== Exercise goal ==
Go to the line with "kitchen with coffered" in the material below and copy from there through the line with "67 Shores, Sullivan, IL", exactly. Pictures are not copied.

== Data for this task ==
● ● ●

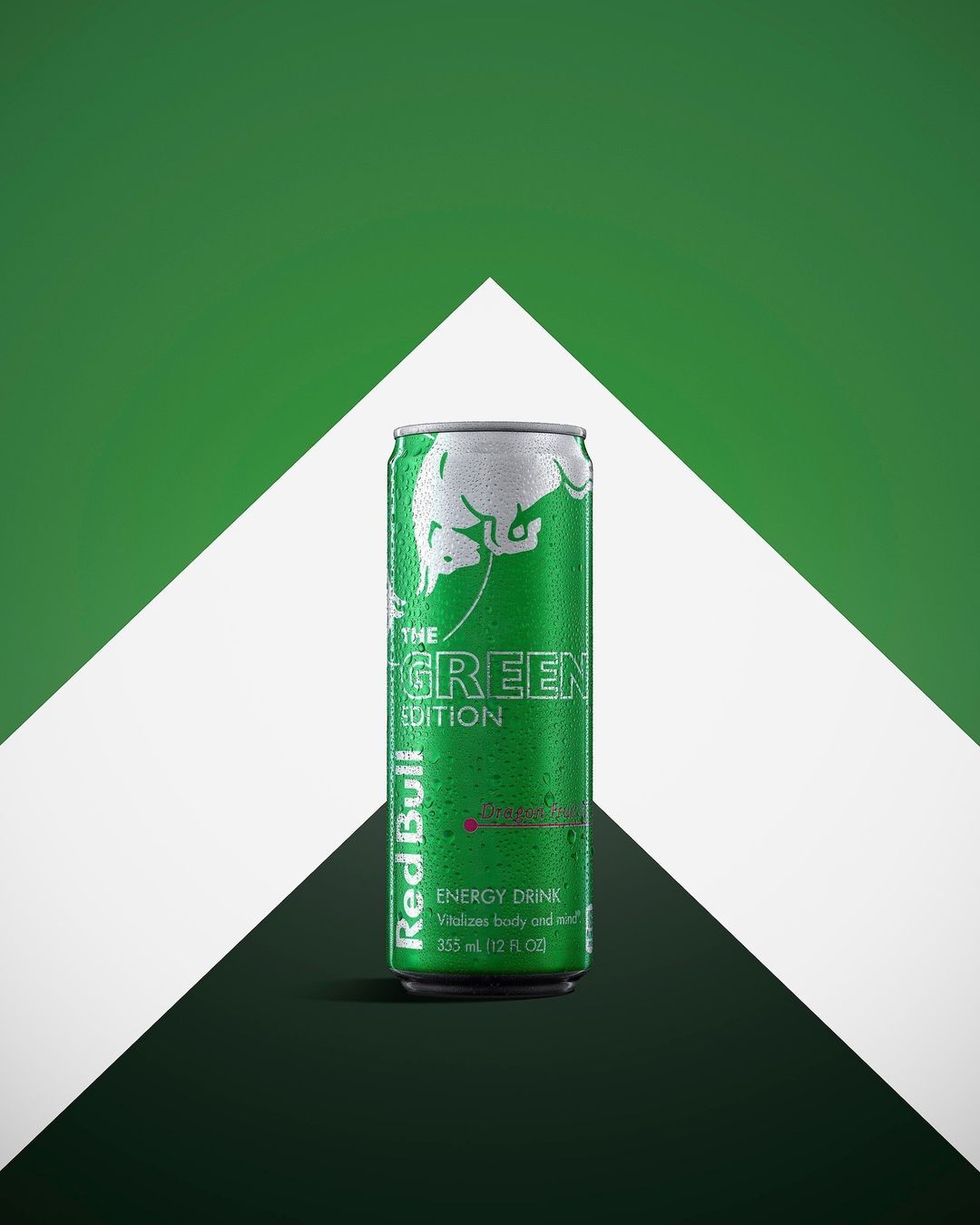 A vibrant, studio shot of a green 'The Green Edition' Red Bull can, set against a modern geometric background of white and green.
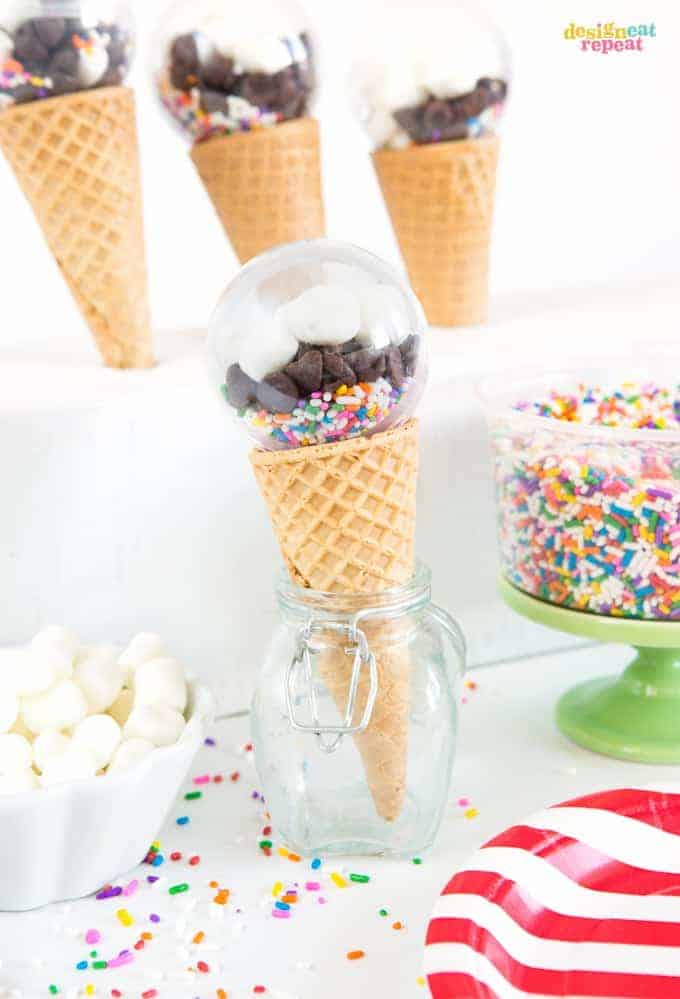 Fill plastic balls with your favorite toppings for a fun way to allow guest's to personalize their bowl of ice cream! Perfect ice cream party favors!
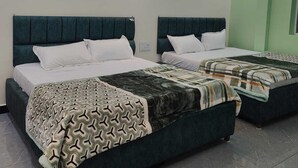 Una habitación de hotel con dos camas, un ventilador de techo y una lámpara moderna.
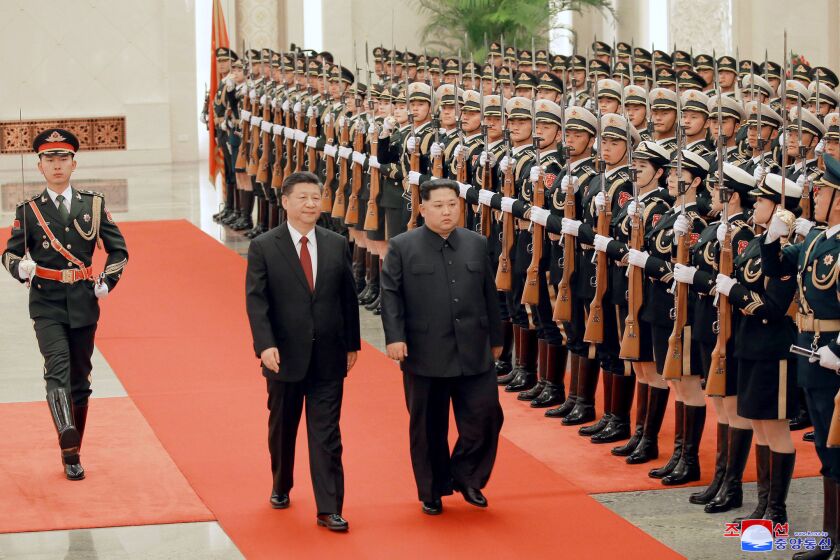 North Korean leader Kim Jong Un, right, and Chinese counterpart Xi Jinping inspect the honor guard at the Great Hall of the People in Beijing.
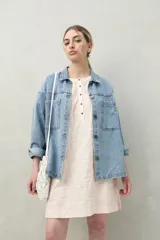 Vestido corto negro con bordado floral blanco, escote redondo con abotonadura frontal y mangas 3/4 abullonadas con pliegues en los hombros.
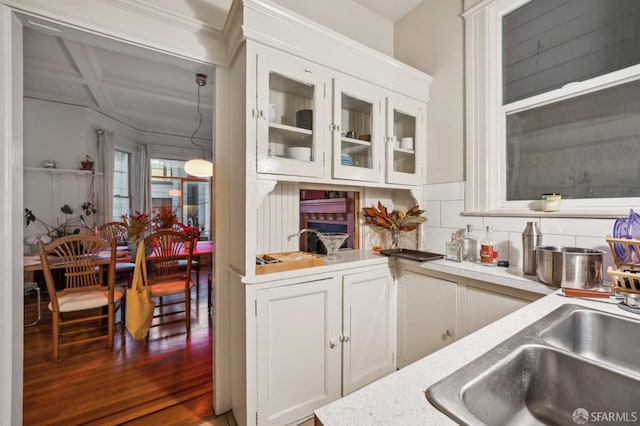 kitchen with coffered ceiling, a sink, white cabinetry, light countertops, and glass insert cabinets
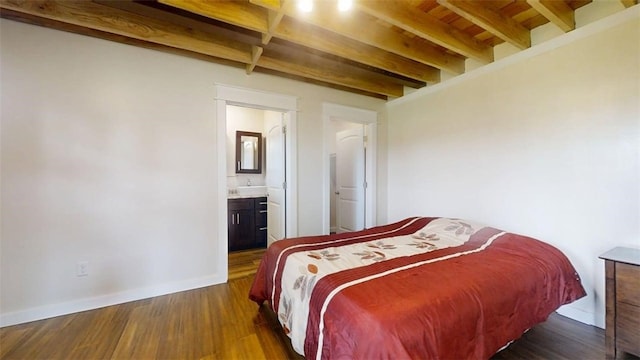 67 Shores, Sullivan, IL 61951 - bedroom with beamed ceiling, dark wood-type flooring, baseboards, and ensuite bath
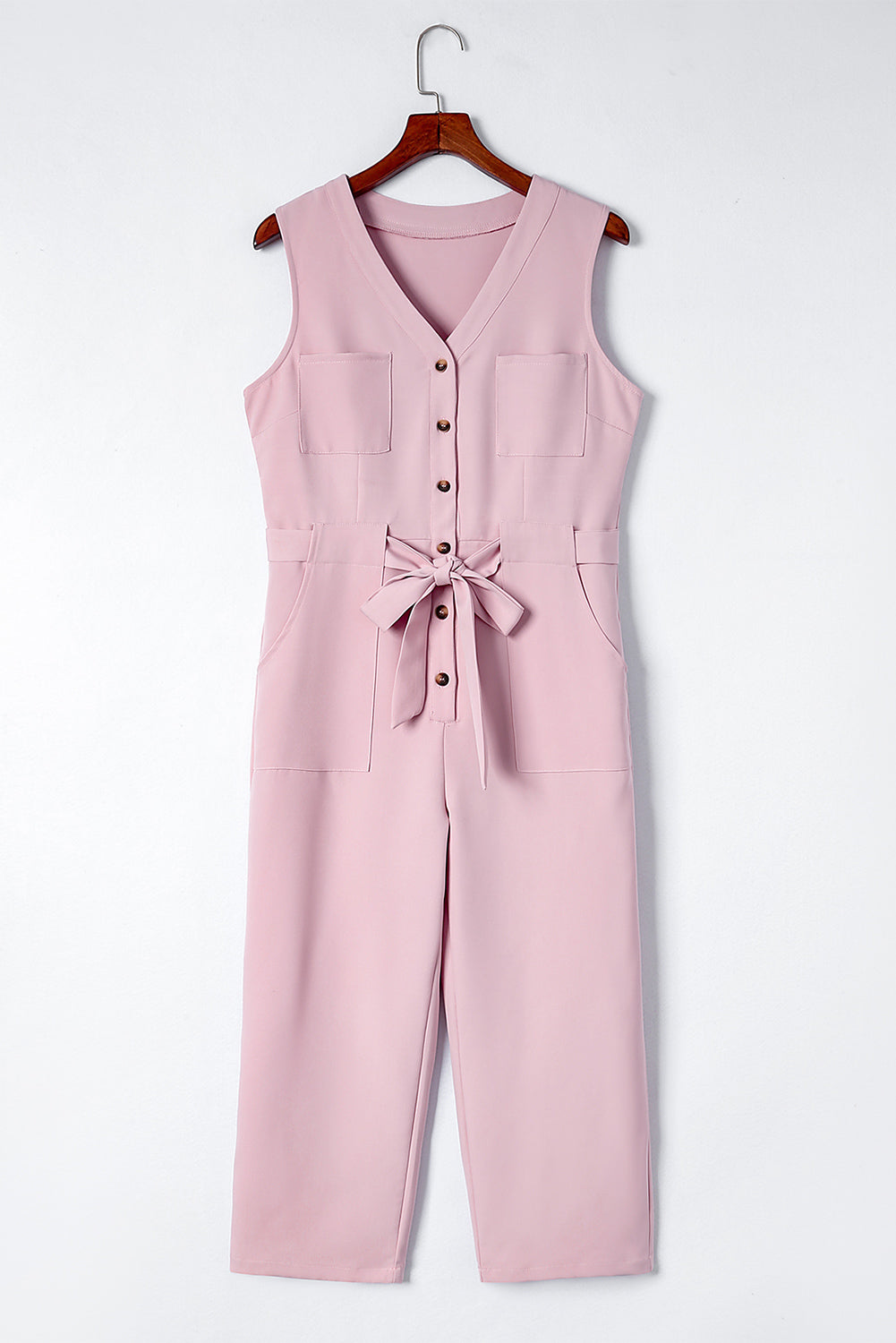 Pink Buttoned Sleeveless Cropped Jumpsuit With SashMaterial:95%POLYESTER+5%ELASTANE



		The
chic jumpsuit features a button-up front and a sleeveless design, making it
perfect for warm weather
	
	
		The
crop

● ● ●

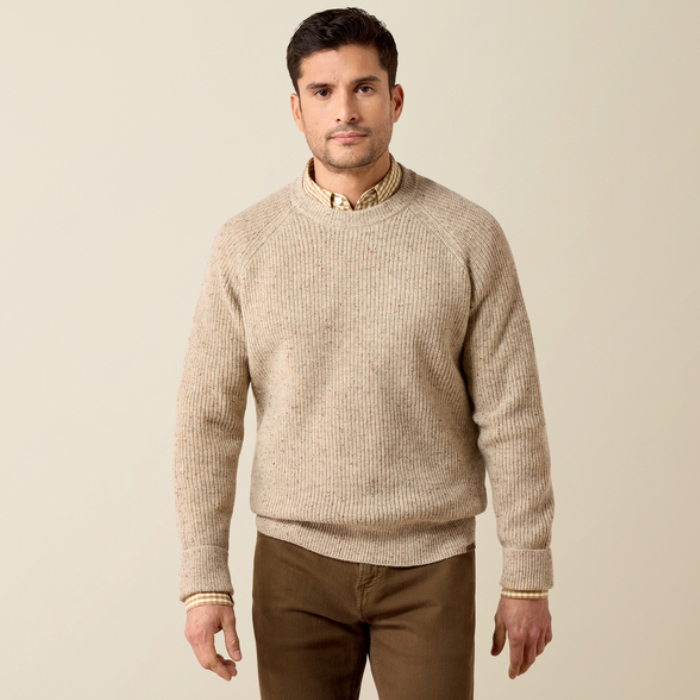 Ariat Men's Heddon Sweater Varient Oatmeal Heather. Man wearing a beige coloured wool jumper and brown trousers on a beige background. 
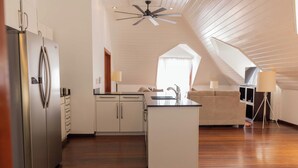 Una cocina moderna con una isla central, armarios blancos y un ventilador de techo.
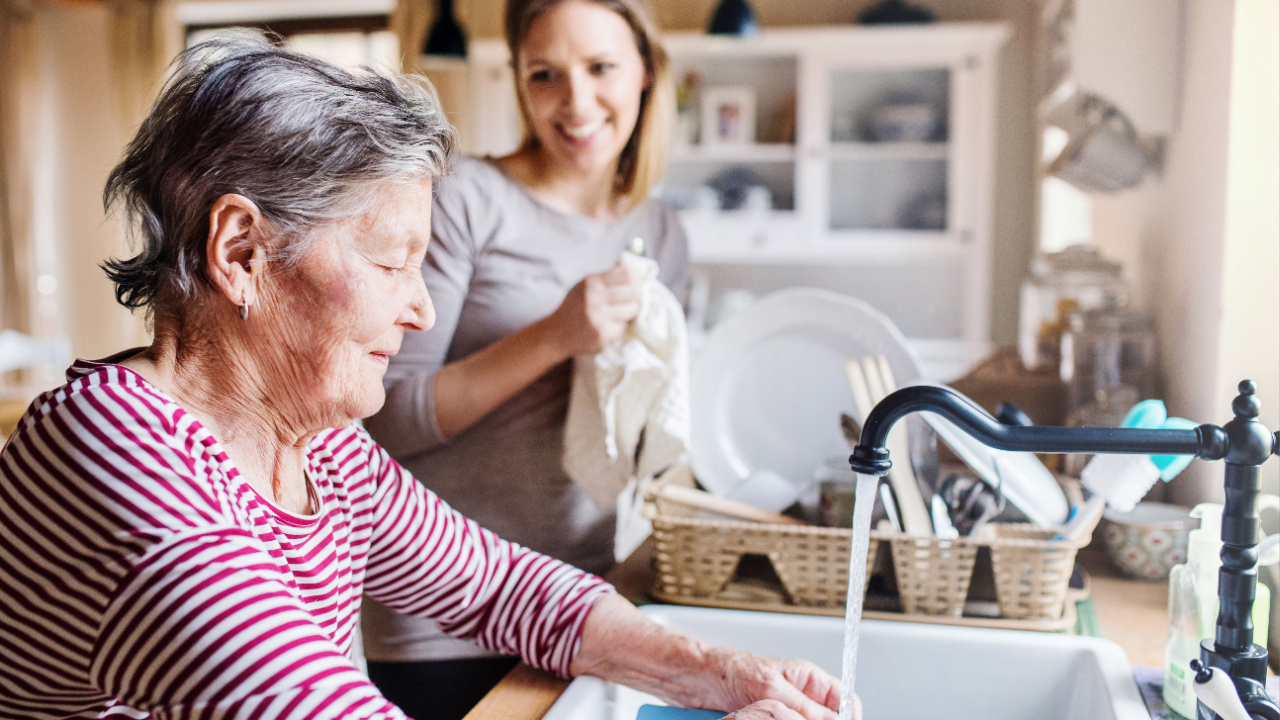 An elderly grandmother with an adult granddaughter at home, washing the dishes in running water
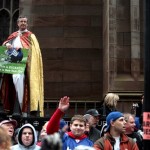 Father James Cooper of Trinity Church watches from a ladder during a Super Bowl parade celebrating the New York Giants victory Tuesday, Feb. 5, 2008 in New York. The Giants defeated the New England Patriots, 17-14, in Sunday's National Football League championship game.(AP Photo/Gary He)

● ● ●

== Answer to the problem ==
 kitchen with coffered ceiling, a sink, white cabinetry, light countertops, and glass insert cabinets
 67 Shores, Sullivan, IL 61951 - bedroom with beamed ceiling, dark wood-type flooring, baseboards, and ensuite bath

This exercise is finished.